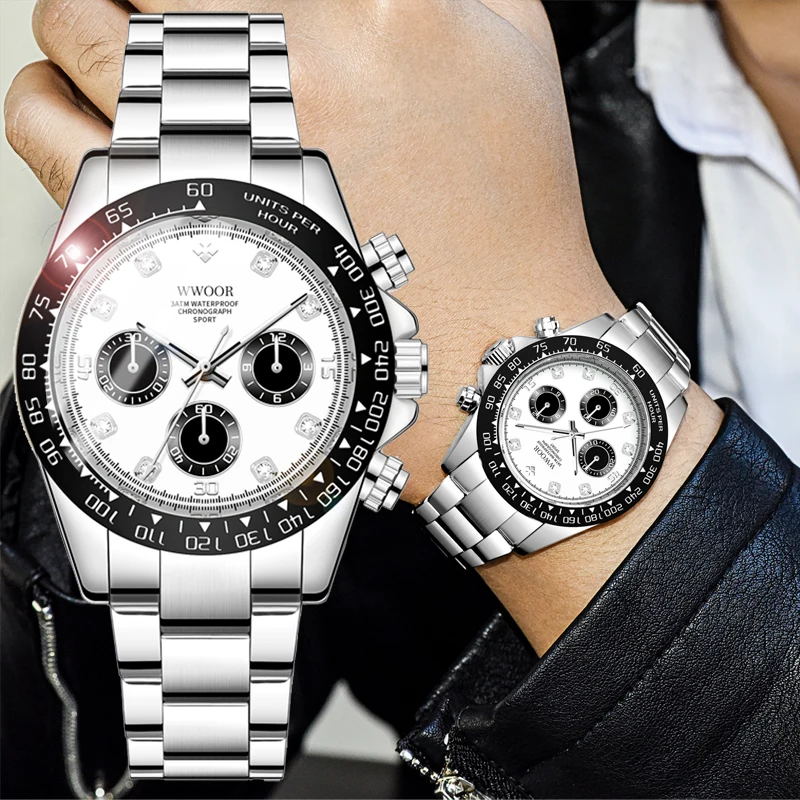 

WWOOR Watch For Men Fashion Luxury Sport Chronograph Panda Dial Watches Waterproof Luminous Man Watch Auto Date Quartz Clock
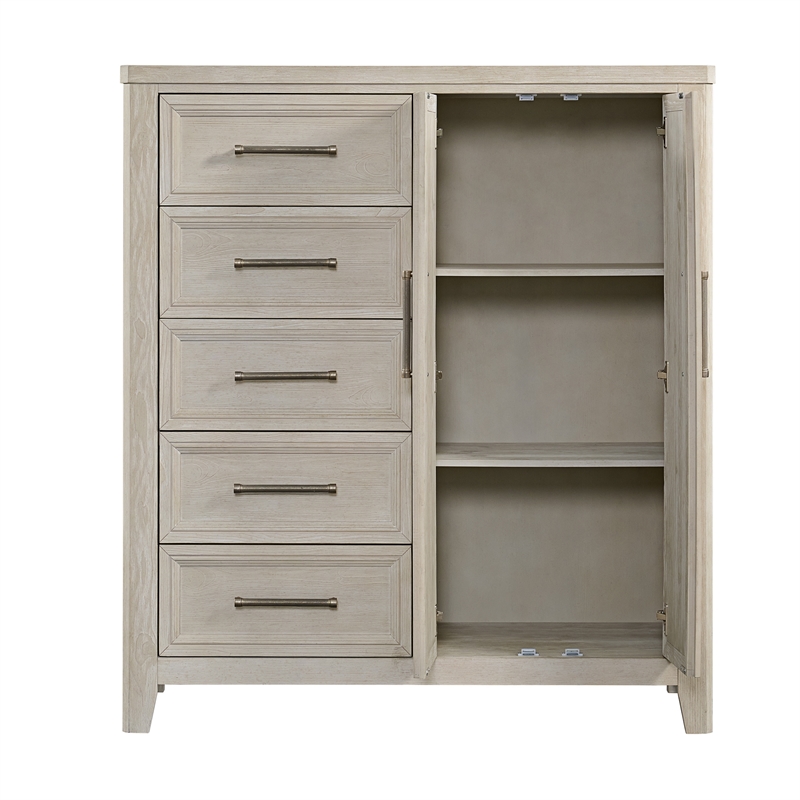 Pemberly Row Solid Spruce Wood Gentleman's Chest in Washed Linen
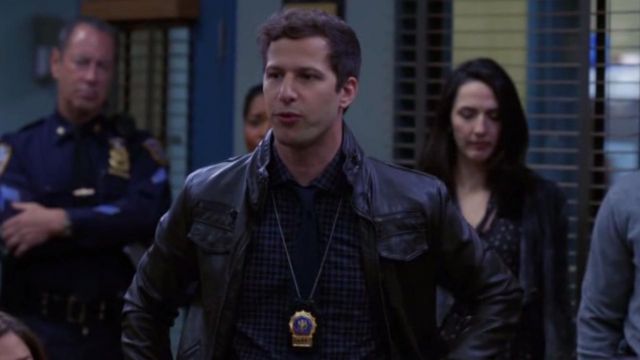 Charles & 1/2 at Urban Outfitters Faux Leather Moto Jacket worn by Jake Peralta (Andy Samberg) in Brooklyn Nine-Nine (S04E15)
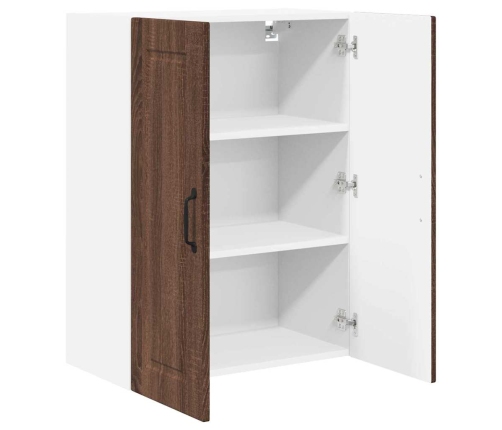 Virtuves Sienas Skapītis Ar Plauktu Brūns Ozols 60 X 31 X 80 Cm Vidaxl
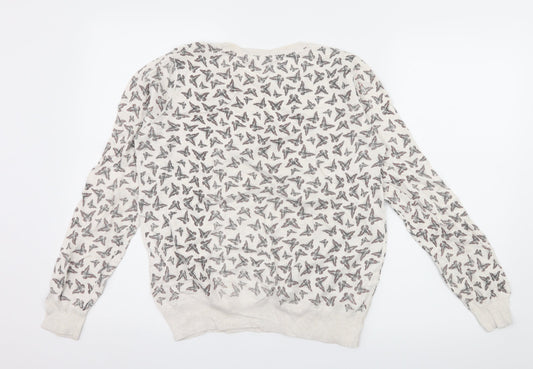 PEP & CO Womens Ivory Geometric Knit Pullover Jumper Size 12  - Butterflies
---------------
_Instructions to follow_. The answer is to be the lines of the listing from the first through the one with "Charles & 1/2", reproduced exactly, without any pictures.

_Solution for this exercise_.
WWOOR Watch For Men Fashion Luxury Sport Chronograph Panda Dial Watches Waterproof Luminous Man Watch Auto Date Quartz Clock
 Pemberly Row Solid Spruce Wood Gentleman's Chest in Washed Linen
 Charles & 1/2 at Urban Outfitters Faux Leather Moto Jacket worn by Jake Peralta (Andy Samberg) in Brooklyn Nine-Nine (S04E15)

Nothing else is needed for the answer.